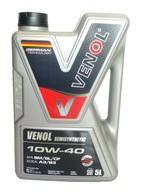 OLEJ Półsyntetyk VENOL Active 10W-40 5L Germany
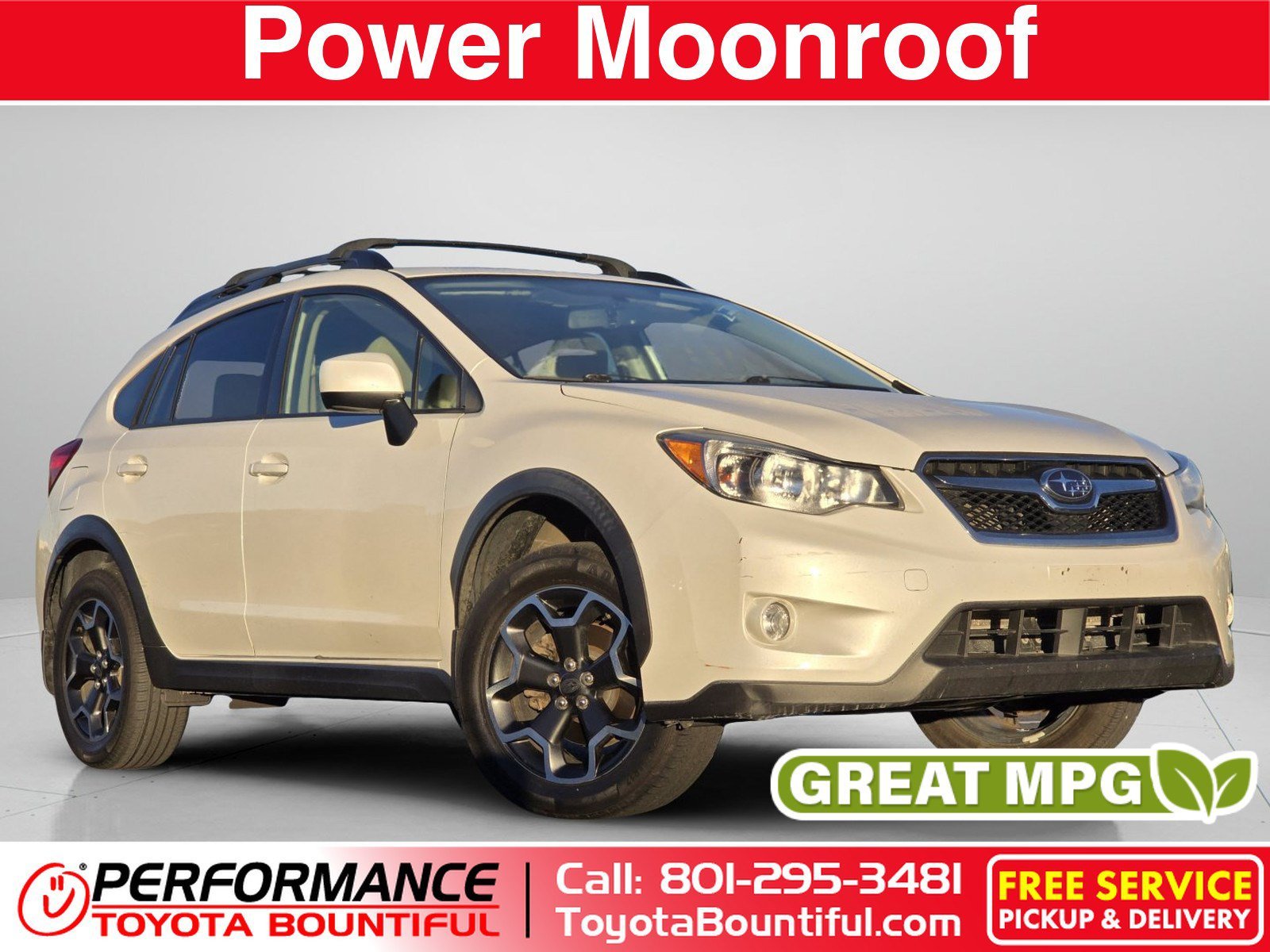 2013 Subaru XV Crosstrek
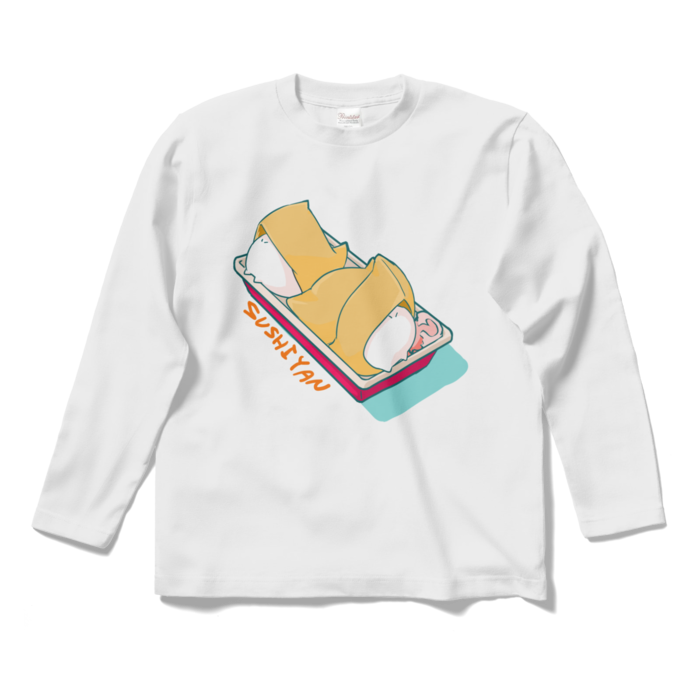 ロングスリーブTシャツ - S - ホワイト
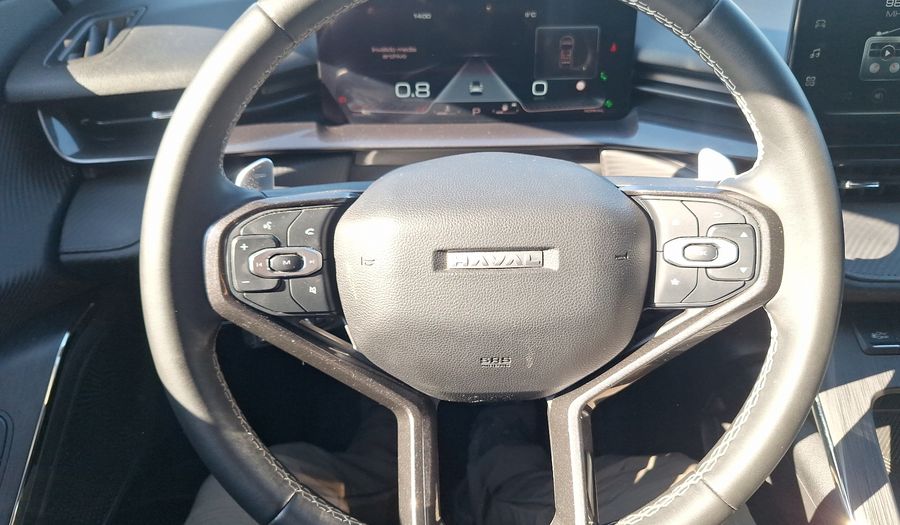 Haval H6 2.0T AUTO DELUXE GT 4WD Suv 2024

━━━━━━━━

* **EXERCISE OBJECTIVE**
Quote the material above exactly, from the line holding "ロングスリーブTシャツ - S - ホワイト" through its last line, including both. Omit the pictures.

* **EXERCISE RESPONSE**
 ロングスリーブTシャツ - S - ホワイト
 Haval H6 2.0T AUTO DELUXE GT 4WD Suv 2024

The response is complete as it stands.